OTTAWA - Some Indigenous advocates and leaders say they don't know who Prime Minister Justin Trudeau is talking about when he says Ottawa is doing consultations over a ruling that affirms the need to compensate First Nations children.
Trudeau made the statement earlier this week while visiting the Tk'emlúps te Secwépemc in British Columbia.
Time is ticking down on a 30-day legal window for the Liberal government to appeal a decision released by the Federal Court on Sept. 29 upholding rulings by a human rights tribunal around services and compensation for First Nations children.
Speaking about the ruling in B.C., Trudeau said "we are consulting with Indigenous partners and leaders" and looking at the "implications" of the decision.

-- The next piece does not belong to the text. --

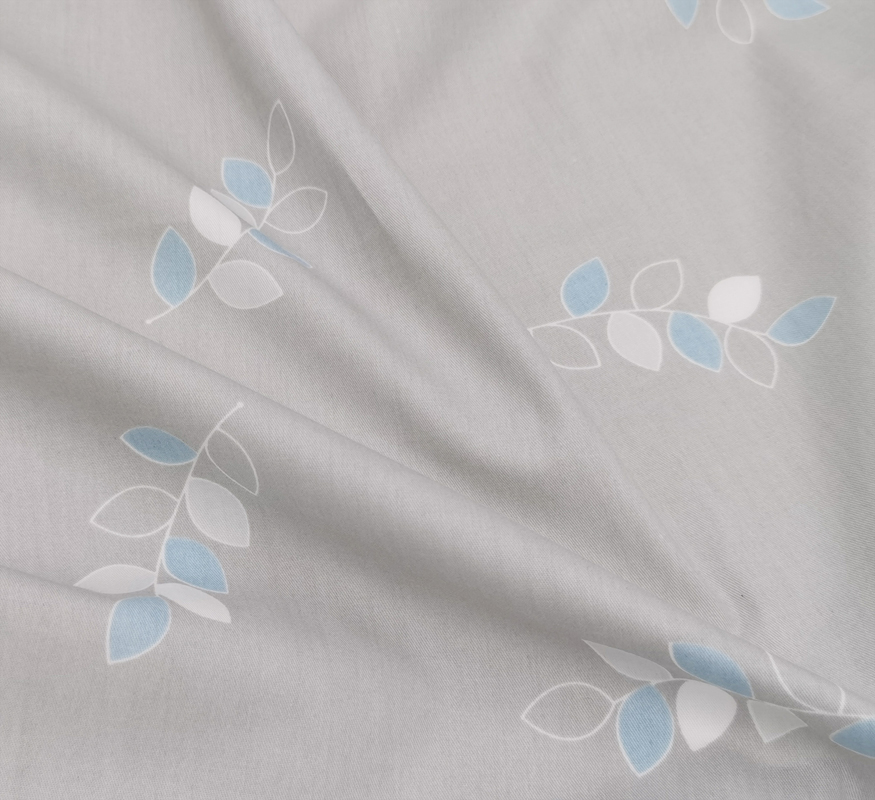 100% Cotton Leaf Print Fabric for Bedding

Cindy Blackstock, executive director of the First Nations Child and Family Caring Society of Canada, one of the litigants, says that comment came as a surprise because her group hasn’t heard anything.

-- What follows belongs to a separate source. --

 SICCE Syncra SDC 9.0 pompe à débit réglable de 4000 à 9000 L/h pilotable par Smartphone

Congress of Aboriginal Peoples National Chief Elmer St. Pierre says it hasn’t been consulted despite being an intervener in the case involving the expansion of Jordan's Principle, a rule stating Ottawa steps in when there's disagreement about which level of government provides service to a First Nations child.
“All I can say is everyone I’ve spoken with, no one’s heard anything, so I don’t know who they’re talking to, but the bottom line is the most important people to talk to are those who are actually in the courtroom," Blackstock said Wednesday.
Requests for comment to the Prime Minister's Office and Indigenous Services Canada have yet to be returned.
In September 2019, the Canadian Human Rights Tribunal ordered the federal government to pay $40,000 to each First Nations child removed from their home after 2006, as well as to their parents, after earlier ruling Ottawa had discriminated against Indigenous children by knowingly underfunding child and family services on reserve.
It was estimated that around 54,000 children and their parents could be eligible to receive compensation, which would likely cost the federal government more than $2 billion.
Cora Morgan, First Nations family advocate with the Assembly of Manitoba Chiefs, says she found it interesting the Federal Court's ruling to uphold this decision was released on the eve of the country's first National Day for Truth and Reconciliation, designed to honour survivors sent to the residential school system.
She says the assembly hasn't been consulted despite the fact Manitoba has the highest rate of First Nations children in the provincial child and family system.
“It’s one thing to engage leadership, but it’s another thing to also engage the people that are affected. There are thousands and thousands of children currently in the child welfare system, there are thousands that have aged out of the child welfare system. We know our prisons and jails are filled with First Nations people that were formerly in the child welfare system," she said.
“In Winnipeg right now we have a homeless population that’s exploded and a majority of those are children that have aged out of the child welfare system. There’s all these negative impacts on our people that should be accounted for when we’re looking at these landmark rulings."